I will follow with a phone number.
Regards TB
Bear Rules: Keep our home <50% RH summer, controls mites/mold and very comfortable.
Provide 60-100 cfm of fresh air when occupied to purge indoor pollutants and keep window dry during cold weather. T-stat setup/setback +8 hrs. saves energy
Use +Merv 10 air filter. -Don't forget the "Golden Rule"
Before you look for the leak, please confirm that the leak is within the vat.
Disconnect all piping and pressure the vat circuit only (dry nitrogen), depending upon the make, the max pressure should be 10Bar (150psig)
leave for a period. If the pressure drops very slightly, then finding the leak without ripping of the all insulation skin, will be almost impossible.
If a drops quite a bit, then you could use a sonic tester to locate the vicinity of the leak, then remove insulation around that area.
BEST of LUCK
even a deep vac test with a micron/welsh pump will ace the tank out if it does below 5000 and keeps dropping over night.. beats humping nitros as a first step... NOTE: if you can't pull below 10K microns there is a leak with anything below 5K being moisture or in your case MILK!!
"when in doubt...jump it out" http://www.youtube.com/watch?v=U1qEZHhJubY
Thanks for the replies so far. We are located in Northern MN. I have of course isolated the tank and verified an internal leak. I'm just looking for a procedure to find it and to access it. The tank is seamless stainless steel both inside and out. I'm guessing if I find the leak location, I'll have to cut an access hole in the stainless?
color trace with nitro to get a general area of the leak..soorry for the micron crap if your on that side of the system with it narrowed down on the cooler side
"when in doubt...jump it out" http://www.youtube.com/watch?v=U1qEZHhJubY
Typically, techs use stythescope on the inside of the tank with the tank under pressure <250 psi. By listening on the inside surface of the tank, the leak is located. Cut a square foot acces hole on the outside with a small cutoff wheel. Tig weld the leak area if stainless steel (most are). Brand helps because they have traditional areas of leaking. Occasionally the load supporting channel may be involved and the channel may also cutout. Usually the refrigerant supply or returns are involved. Also tig the cut out access back and polish. Better contact techs who do this for a living.
Regards TB
Bear Rules: Keep our home <50% RH summer, controls mites/mold and very comfortable.
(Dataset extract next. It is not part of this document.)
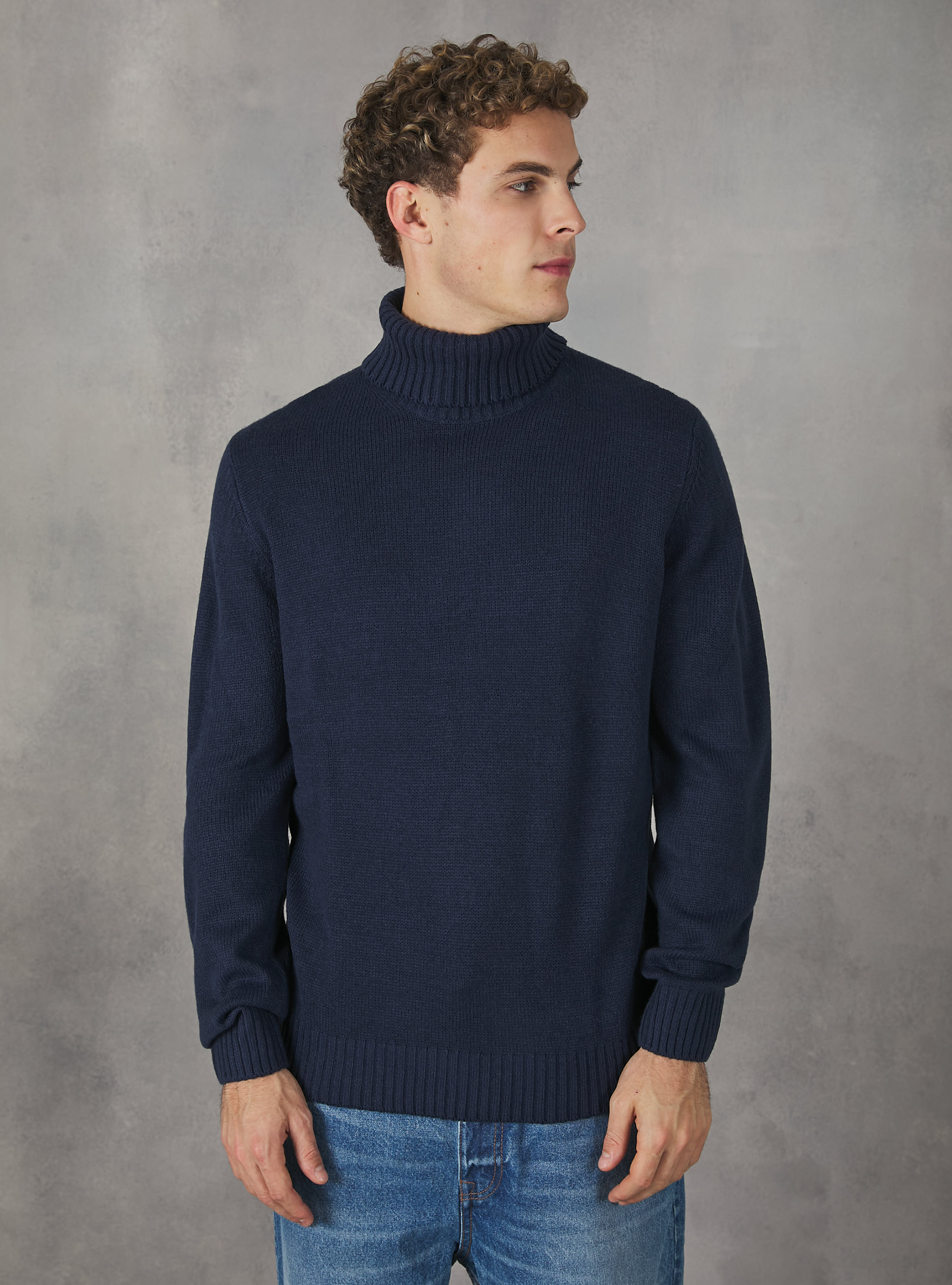 Pullover a collo alto cachemire touch, MNA2 NAVY MEL MED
Provide 60-100 cfm of fresh air when occupied to purge indoor pollutants and keep window dry during cold weather. T-stat setup/setback +8 hrs. saves energy
Use +Merv 10 air filter. -Don't forget the "Golden Rule"
TB,
Thank you so much. This is exactly the info I was looking for. Again, thanks.
Steve
Done a few of these, i get a local stainless steel tig welder to fix them for me, he used to work for one of the tank manufacturers here.
https://www.youtube.com/watch?v=5e3wC8frIfo
One thing i have learned is the weight of milk can seal a leak 100%, it needs to be empty to be sure or left for a few days when it will have been emptied etc.
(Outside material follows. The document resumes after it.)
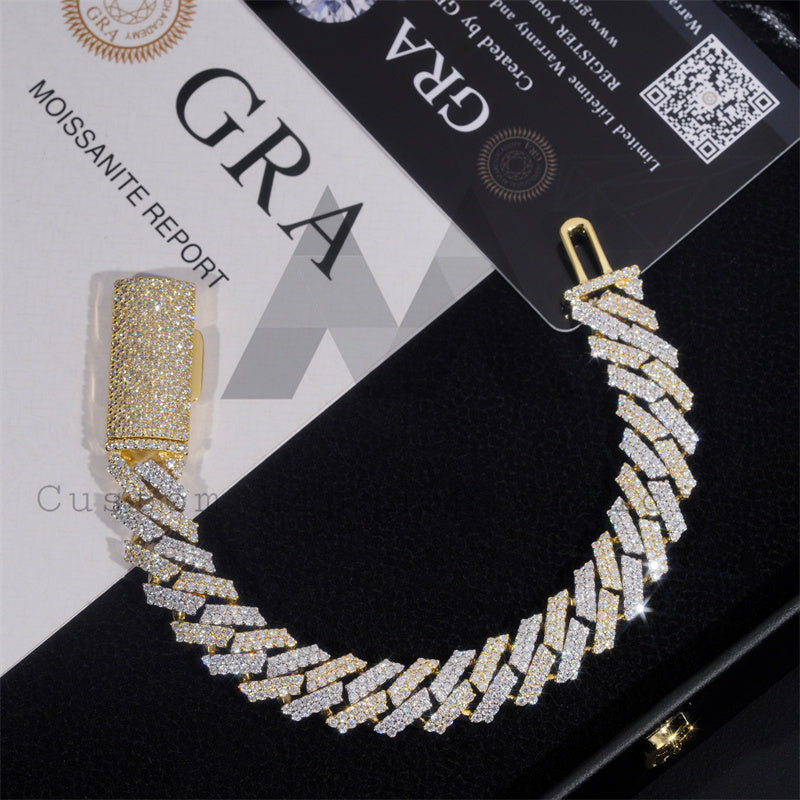 12MM Yellow Gold Mix White Gold Tow Tone Cuban Chain VVS Moissanite Diamond 925 Silver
https://www.youtube.com/watch?v=LsgfRg0B8zw
Latest one,
https://www.youtube.com/watch?v=8kmm_Tcim6w
Check the oil level in the compressor as they can loose a lot in a short time with this sort of leak.
Last edited by monkeyspanners; 07-09-2013 at 12:24 PM. Reason: more vids
I have found a leak in a surge brand tank a few years back. I used the stethoscope and curt the hole with a cut off wheel. I also had a local guy with a rig welder do th repair. This tank leaked on the evap. Plate on the spot welds. It was pitted. Problem was with this tank, it had another leak two years later in another spot weld. Then last year the milk hauler forgot to vent the tank and sucked it down. Lucky for the farmer as the milk company's insurance paid the 80k for a new tank. Good luck!
Bear Rules: Keep our home <50% RH summer, controls mites/mold and very comfortable.
Provide 60-100 cfm of fresh air when occupied to purge indoor pollutants and keep window dry during cold weather. T-stat setup/setback +8 hrs. saves energy
Use +Merv 10 air filter. -Don't forget the "Golden Rule"
Hey did you find the leak , I find you need to charge with nitrogen to at least 15 bar , always make sure you do it when take is empty , if you really struggling get hot wash on the go and see the gauge drop specialy on fullwood Paco , I'll weld 3or 4 of these tanks every wk - Dari kool , muller Paco , laval ,
Just wanted to bring an update to the original post. We located the area where the tank was leaking. Cut an access in the outer shell and hired a tig welder to fix about a 1/4 inch crack in the cooling jacket on the bottom of the tank.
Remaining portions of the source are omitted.